The Central Bank has said the exchange rate is still stable, with the shilling gaining by 1.6 percent in the three months to December 2022, supported by the prudent monetary policy and the recent declines in the global crude oil prices.
The two developments, which somewhat eased the pressure on the deteriorating terms of trade, increased personal remittances, and foreign direct investment inflows to the oil sector.
However, the Central Bank explains that short-term capital flight from the domestic debt market that was triggered by investor nervousness over the sanctions on Russia and aggressive monetary tightening to curtail surging inflation in advanced economies weakened the shilling during the second and third quarters of 2022, leading to a 3.1 percent year-on-year depreciation in 2022.
Appearing before the Committee on Finance and Economic Development on January 10, the Deputy Governor Bank of Uganda, Dr Michael Atingi-Ego said in six months, the exchange rate movement will depend on global developments, particularly the pace of monetary tightening in the advanced economies.
“The medium-term (one year) outlook is for the shilling to depreciate, reflecting the elevated current account deficit and the tightening of global financial conditions.
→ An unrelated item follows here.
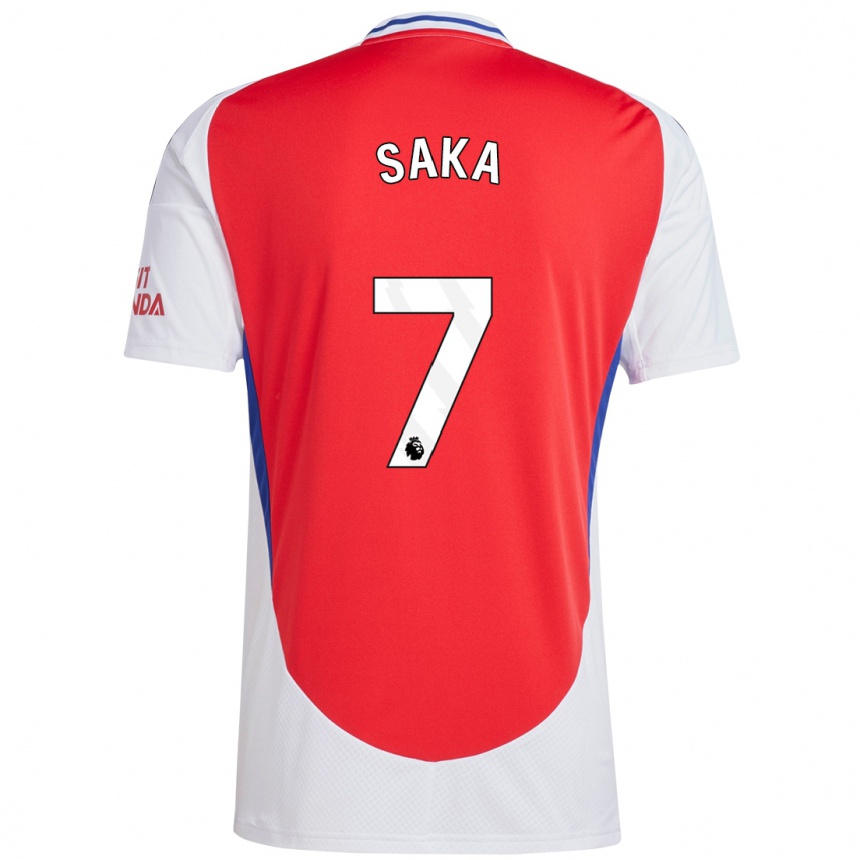 Homme Football Maillot Bukayo Saka #7 Rouge Blanc Tenues Domicile 2024/25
Overall, the exchange rate movement will depend largely on global developments, particularly the pace of monetary tightening in advanced economies and the overall balance of payments position,” he said.
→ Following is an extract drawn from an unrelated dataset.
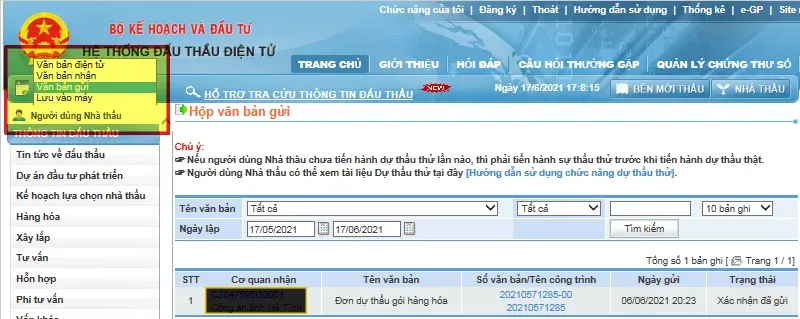 Kiểm tra lại hồ sơ dự thầu đã gửi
Dr Atingi-Ego said interest rates stayed on an upward trajectory in the three months to November 2022, reflecting tight financial conditions.Both Treasury yields and lending rates rose.
He stressed that the growth in private sector credit remained below historical averages owing to the tightening of monetary conditions.
He explained that total private sector credit growth averaged about 10.5 percent, year-on year, in the three months to October 2022.
Private sector credit grew by 8.2 percent in the three months to October 2022.